→ Work to be completed
Would you please transcribe, exactly as written, the lines of the entries below starting at the one that holds "Hey everybody, happy" and ending at the one that holds "Alright, right now", both included?

→ Source material
----

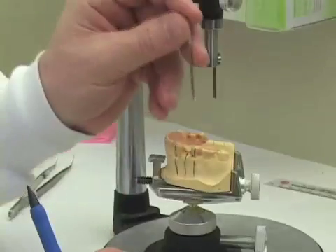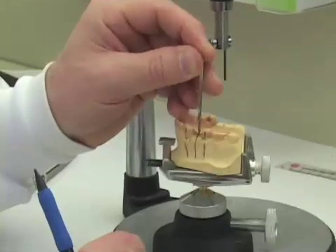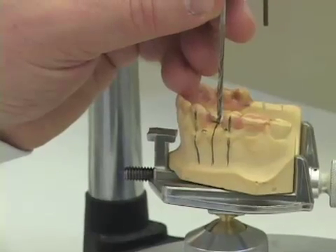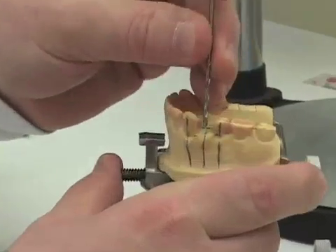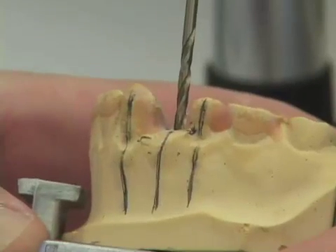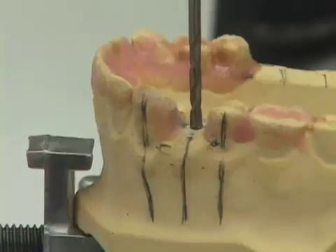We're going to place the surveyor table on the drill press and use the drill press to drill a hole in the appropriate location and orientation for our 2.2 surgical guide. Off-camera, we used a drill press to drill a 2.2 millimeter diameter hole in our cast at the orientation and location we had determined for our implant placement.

----

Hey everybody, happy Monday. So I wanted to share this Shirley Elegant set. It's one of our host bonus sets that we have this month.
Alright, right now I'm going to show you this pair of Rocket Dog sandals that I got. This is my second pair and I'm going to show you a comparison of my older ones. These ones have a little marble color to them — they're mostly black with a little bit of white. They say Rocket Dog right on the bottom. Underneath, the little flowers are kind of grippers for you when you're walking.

----

→ Response for this exercise
Hey everybody, happy Monday. So I wanted to share this Shirley Elegant set. It's one of our host bonus sets that we have this month.
Alright, right now I'm going to show you this pair of Rocket Dog sandals that I got. This is my second pair and I'm going to show you a comparison of my older ones. These ones have a little marble color to them — they're mostly black with a little bit of white. They say Rocket Dog right on the bottom. Underneath, the little flowers are kind of grippers for you when you're walking.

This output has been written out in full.